Working data:
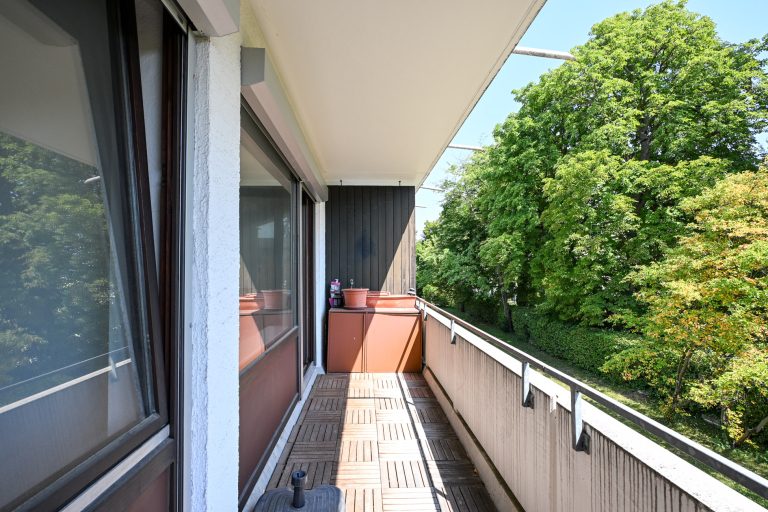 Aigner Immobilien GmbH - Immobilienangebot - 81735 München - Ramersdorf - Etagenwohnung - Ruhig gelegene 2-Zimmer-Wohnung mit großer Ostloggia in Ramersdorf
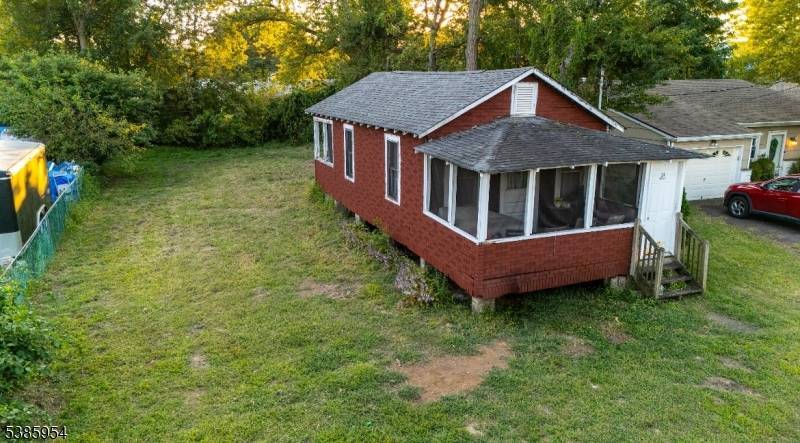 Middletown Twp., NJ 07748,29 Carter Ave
==
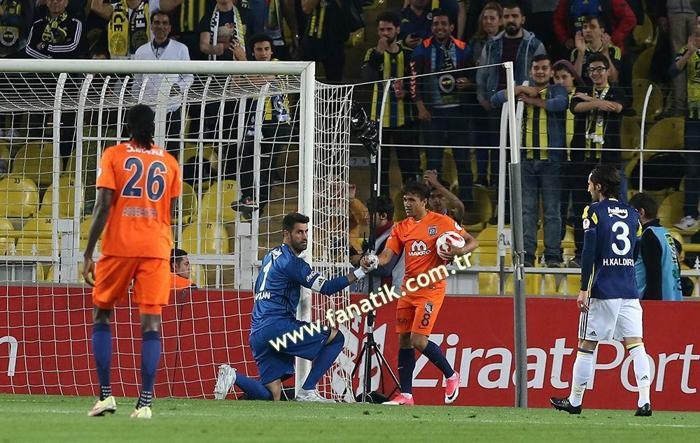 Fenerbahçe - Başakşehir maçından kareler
...
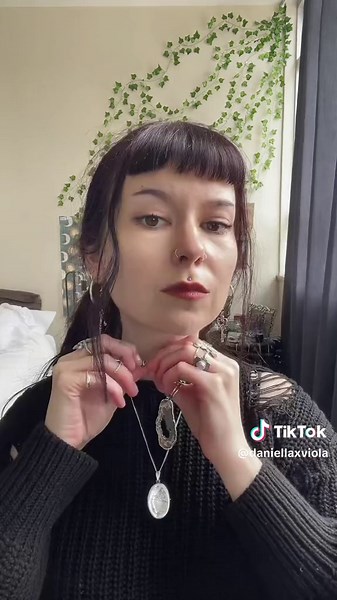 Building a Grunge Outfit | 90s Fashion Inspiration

Task description:
A verbatim reproduction is expected: starting at the line above that has "Aigner Immobilien GmbH", ending at the line that has "Middletown Twp., NJ 07748,29 Carter Ave", both included, and with no pictures and no other lines.

Answer for this exercise:
 Aigner Immobilien GmbH - Immobilienangebot - 81735 München - Ramersdorf - Etagenwohnung - Ruhig gelegene 2-Zimmer-Wohnung mit großer Ostloggia in Ramersdorf
 Middletown Twp., NJ 07748,29 Carter Ave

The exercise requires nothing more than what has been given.